U.S. polyethylene increasingly pushed out as exports after shipping constraints eased
U.S. polyethylene producers have since late last year and into the first quarter of 2023 been seeking out export markets in a way that had not been done during the pandemic and post-pandemic periods, following the easing of shipping and supply chain problems, and even as profit margins abroad aren´t as attractive as those for product sold within the U.S.
“Weaker demand caused us to shift more of our North American polyethylene and PVC resin sales volumes to export markets, where pricing and netbacks were lower than our traditional domestic market channels,” Steve Bender, Chief Financial Officer of Westlake, said during the company´s recent earnings discussion in February.
Faced with much added polyethylene capacity in North America in recent years, including the 1.6 millones tonnes per year polyethylene plant in Pennsylvania started up last year that will see full running rates in 2023, some plants have lowered running rates, or sought alternatives to lower prices.
“These headwinds were partially offset by higher production and sales volumes for polyethylene,” Bender said, according to a transcript of the call by Insider Monkey.
Officials from LyondellBasell and Celanese also reported increased attention to exports amid a glut in output. U.S. resin producers await a return of demand growth for resins in China to help take the new capacity added in recent years.
Weaker U.S. demand hurts resins
In the U.S., building and construction markets were particularly impacted by rising interest rates, with housing starts declining by approximately 22% year-over-year in December, Westlake officials shared during their earnings presentation.
Average selling prices for PVC and polyethylene fell sharply in the fourth quarter, the company said.
In the case of PVC resin, customer inventory de-stocking led domestic sales volumes to decline faster than end-use demand levels, Bender said.
Some converters of plastic resin commodities that during Covid and the post-pandemic period had kept large volumes of stock, in anticipation of possible supply-chain problems, in the fourth quarter of 2022 just reduced their inventories. This hurt demand and prices.
Demand return after de-stocking
“I would say the destocking that we talked about, we felt it pretty hard in polyethylene and PVC, both on the domestic market in the U.S.,” said Roger Kearns, chief operating officer at Westlake Chemical, according to a transcript of the call by Insider Monkey.

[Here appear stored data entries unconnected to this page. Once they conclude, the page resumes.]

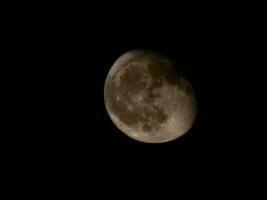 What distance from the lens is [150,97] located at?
3.20m

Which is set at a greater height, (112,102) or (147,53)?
(147,53)

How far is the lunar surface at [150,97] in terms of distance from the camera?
10.5 ft

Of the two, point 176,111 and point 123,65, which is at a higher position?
point 123,65

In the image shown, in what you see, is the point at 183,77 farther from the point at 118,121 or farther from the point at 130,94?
the point at 118,121

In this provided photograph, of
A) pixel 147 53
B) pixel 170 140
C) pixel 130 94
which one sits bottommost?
pixel 170 140

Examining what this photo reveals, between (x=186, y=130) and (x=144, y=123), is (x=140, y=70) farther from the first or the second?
(x=186, y=130)

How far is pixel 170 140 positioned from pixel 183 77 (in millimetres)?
705

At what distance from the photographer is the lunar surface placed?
10.5 feet

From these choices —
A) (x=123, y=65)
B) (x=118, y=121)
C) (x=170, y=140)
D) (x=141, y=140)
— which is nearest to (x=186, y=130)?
(x=170, y=140)

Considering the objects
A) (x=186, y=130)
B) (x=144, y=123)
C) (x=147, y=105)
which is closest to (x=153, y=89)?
(x=147, y=105)

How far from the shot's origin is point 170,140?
11.7 ft

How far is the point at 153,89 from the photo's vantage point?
3195 millimetres

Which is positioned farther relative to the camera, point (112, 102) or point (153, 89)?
point (112, 102)

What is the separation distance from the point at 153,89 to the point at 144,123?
0.37 m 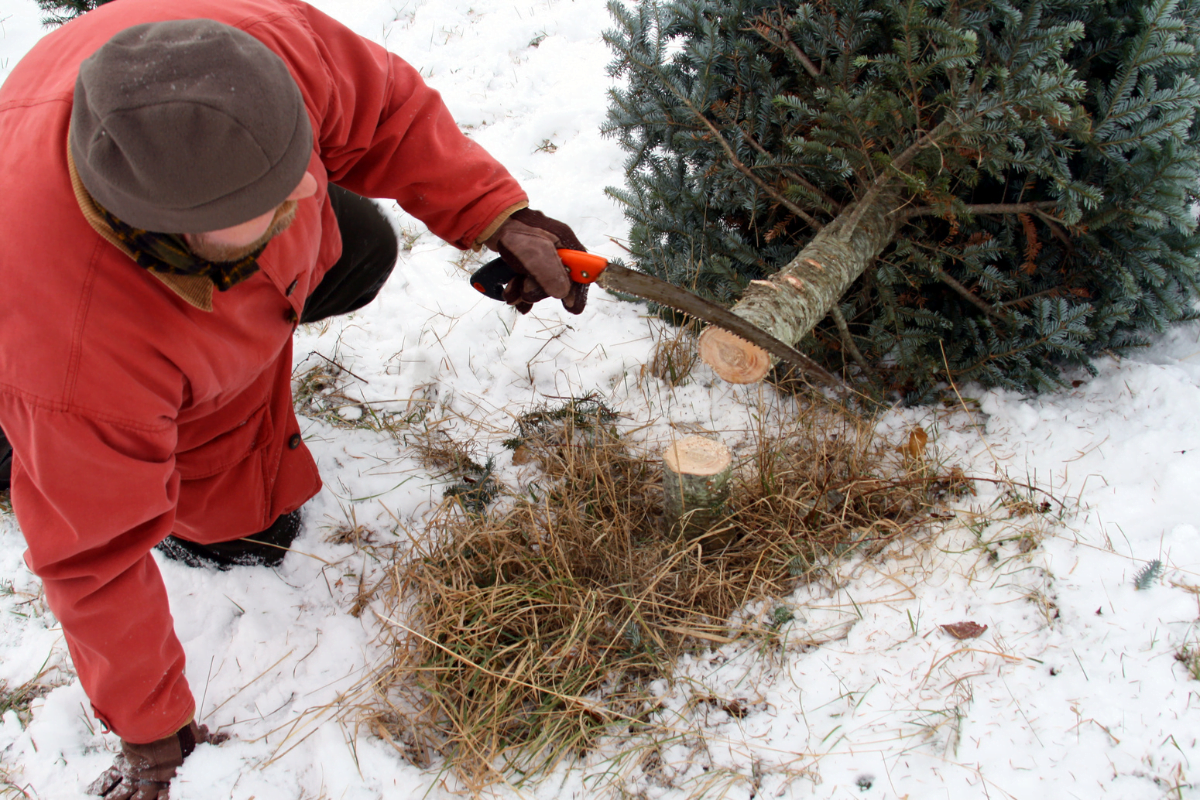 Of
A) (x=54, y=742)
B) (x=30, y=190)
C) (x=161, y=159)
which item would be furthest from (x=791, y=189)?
(x=54, y=742)

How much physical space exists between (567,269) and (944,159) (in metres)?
1.21

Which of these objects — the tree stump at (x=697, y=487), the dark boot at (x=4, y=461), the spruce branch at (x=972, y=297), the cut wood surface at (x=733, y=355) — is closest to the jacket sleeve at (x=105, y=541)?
the dark boot at (x=4, y=461)

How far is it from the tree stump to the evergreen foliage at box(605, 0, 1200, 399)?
871 mm

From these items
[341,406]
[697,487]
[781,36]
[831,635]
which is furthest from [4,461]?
[781,36]

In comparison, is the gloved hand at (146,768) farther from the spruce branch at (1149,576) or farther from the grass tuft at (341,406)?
the spruce branch at (1149,576)

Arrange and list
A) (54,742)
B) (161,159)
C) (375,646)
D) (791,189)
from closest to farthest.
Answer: (161,159), (54,742), (375,646), (791,189)

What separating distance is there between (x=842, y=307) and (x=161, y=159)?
7.49 ft

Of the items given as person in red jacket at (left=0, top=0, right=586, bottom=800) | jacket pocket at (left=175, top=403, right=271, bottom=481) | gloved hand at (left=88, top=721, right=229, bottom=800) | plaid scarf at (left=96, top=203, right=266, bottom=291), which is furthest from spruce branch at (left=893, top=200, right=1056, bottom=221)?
gloved hand at (left=88, top=721, right=229, bottom=800)

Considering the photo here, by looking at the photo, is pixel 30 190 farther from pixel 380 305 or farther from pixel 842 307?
pixel 842 307

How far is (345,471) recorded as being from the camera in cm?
243

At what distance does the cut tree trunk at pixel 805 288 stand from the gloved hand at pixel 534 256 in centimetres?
46

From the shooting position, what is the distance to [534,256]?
6.21 ft

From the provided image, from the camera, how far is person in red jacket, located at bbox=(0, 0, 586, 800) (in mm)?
1103

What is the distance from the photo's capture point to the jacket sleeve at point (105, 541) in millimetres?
1229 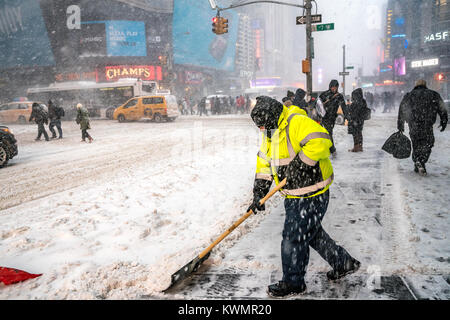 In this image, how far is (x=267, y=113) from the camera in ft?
8.63

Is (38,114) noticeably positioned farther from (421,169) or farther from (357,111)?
(421,169)

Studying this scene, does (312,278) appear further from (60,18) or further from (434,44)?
(60,18)

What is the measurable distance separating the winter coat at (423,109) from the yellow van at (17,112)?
2601cm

“So we shifted a tremendous amount of our material in Q4 to the export markets in both of those. And what we’re seeing in Q1 is, I would say, a return to a bit more normal numbers that we would see. So I think through January and February so far, we’re seeing a little bit of a rebound on the domestic side,” he said, referring to the U.S. market.
The company is seeking a cumulative total of about 10 cents per pound price increase in PVC resin in the first quarter of 2023.
As for the polyethylene price direction, Albert Chao, president of Westlake, said the company had an additional $0.03 to $0.05 a pound price announcements in February to “try to recoup some of the price decreases that occurred last year.”
Chao expressed optimism on a return of Chinese demand growth levels that preceded the Covid pandemic.
LyondellBasell had plants at 75%
“I would say we’re seeing in Q1 and based on the North American advantage, both PVC and polyethylene can run strong,” said Roger Kearns, when asked about the operating rates of Westlake Chemical plants in the current scenario.
LyondellBasell’s executive vice president of global olefins and polyolefins Ken Lane, while discussing his company earnings on Feb. 3, 2023, said his company plants operated at a 75% capacity in the fourth quarter of 2022.
This was because “market demand declined, and we also saw customer destocking during the quarter,” he said, according to a transcript by Insider Monkey.
On China’s demand growth recovery
“Our view for the last two years is the demand for polyethylene in China has been relatively flat. So when you talk about a range of outcomes for 2023, if you look historically, after two years like that, you would expect to see a significant snapback in growth, but it doesn’t mean that that’s a guarantee. So you could see anything from flat to plus 8%. It’s very hard to call,” Lane said.
“That’s why that’s one of the markets that we watch very closely just because it is largely the price that are in the market. And will drive the absorption of all the new capacity that has come on,” Lane said.
Lori Ryerkerk, CEO at Celanese, said decreases in natural gas prices contributed to decreases in plastic resins prices, according to a transcript of the call by Insider Monkey.
Resin buyers anticipated declining prices and they opted “to draw down their inventory in anticipation,” Ryerkerk said, also discussing fourth quarter 2022 earnings in February.
“We saw a lot of build of stock in 2022 because people were worried about getting resin. I think we see, going forward, people feel the supply chain issues are larlargely resolved,” she said.
In addition to Shell´s plant scheduled to produce commercial, full-capacity rates this year of ethylene and polyethylene, there are other investments related to polyethylene, as well as to polypropylene that have increased North American supply in recent years.